Naturalmente non basta mettere la pubblicità prima di ogni altra cosa per
assicurarsi il successo. La pubblicità sul Web è profondamente diversa da
quella sulla carta stampata, e richiede un profondo adeguamento – culturale
prima ancora che commerciale – da parte di tutti gli operatori del settore.

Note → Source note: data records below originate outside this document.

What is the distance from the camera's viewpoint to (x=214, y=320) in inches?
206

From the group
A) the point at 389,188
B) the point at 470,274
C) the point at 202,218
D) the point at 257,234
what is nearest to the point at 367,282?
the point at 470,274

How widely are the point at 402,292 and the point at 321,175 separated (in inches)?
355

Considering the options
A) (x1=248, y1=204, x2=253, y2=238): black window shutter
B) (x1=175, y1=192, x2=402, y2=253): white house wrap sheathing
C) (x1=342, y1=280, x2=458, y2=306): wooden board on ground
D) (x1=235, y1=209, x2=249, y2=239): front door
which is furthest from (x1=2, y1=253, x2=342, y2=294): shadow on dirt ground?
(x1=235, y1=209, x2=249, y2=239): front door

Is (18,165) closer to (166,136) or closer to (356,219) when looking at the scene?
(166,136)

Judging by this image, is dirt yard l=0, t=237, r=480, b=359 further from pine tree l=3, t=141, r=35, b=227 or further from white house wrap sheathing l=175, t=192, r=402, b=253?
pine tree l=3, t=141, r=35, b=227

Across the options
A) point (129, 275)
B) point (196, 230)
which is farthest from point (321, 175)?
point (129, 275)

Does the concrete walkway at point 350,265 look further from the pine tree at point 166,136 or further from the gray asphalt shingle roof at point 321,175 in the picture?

Morgan ha indicato alcune “lezioni” che vengono dalle prime esperienze
condotte dalle società che operano nel settore:
– Enfatizzare al massimo le caratteristiche specifiche del medium, dando
largo spazio all’interattività tra l’utente ed il servizio, in modo da
creare audience il più possibile specifiche e individualizzate, le più
appetite dagli inserzionisti;
– Sviluppare sistemi sicuri di misurazione dell’audience. Sulla Rete
infatti non si vende spazio, ma audience: già oggi in molti casi la
pubblicità viene venduta “un tanto a clic”. Occorrerà inoltre costituire
organismi di rilevamento dell’audience indipendenti rispetto a editori ed
inserzionisti;
– Standardizzare le procedure commerciali, la terminologia e soprattutto le
dimensioni dei “banner”, le “bandiere” di pubblicità inserite nei servizi
on line;
– Sviluppare sinergie con altri quotidiani, allo scopo di creare network
nazionali in grado di attrarre la pubblicità dei grandi inserzionisti anche
sui servizi on line dei piccoli quotidiani;
– Abituarsi a fronteggiare una competizione molto più dura di quanto non
avvenga attualmente, con i quotidiani che nella maggior parte dei casi sono
leader pubblicitari sul rispettivo mercato di riferimento. La Microsoft ha
creato una società , denominata CarPoint, che acquista automobili
direttamente dalle case produttrici ed agisce quindi come “concessionaria
on line”, rivendendole attraverso annunci pubblicitari sul Web.
…O fare informazione?
Questo tipo di approccio, totalmente “business oriented”, non è comunque
condiviso da tutti. Terry Schwadron, vincitore di due premi Pulitzer ed
attualmente responsabile del servizio on line del quotidiano Los Angeles
Times, è molto critico nei confronti di questa prospettiva: “Se partiamo
dal presupposto che fare soldi è il nostro unico obiettivo, cosa ci
distinguerà da altri soggetti, come le società telefoniche e i cable
operator, che stanno facendo il loro ingresso nel mercato dell’editoria
elettronica? Prima o poi dovremo pur mettere in campo la nostra missione:
raccontare storie, comunicare esperienze, svolgere un ruolo sociale […]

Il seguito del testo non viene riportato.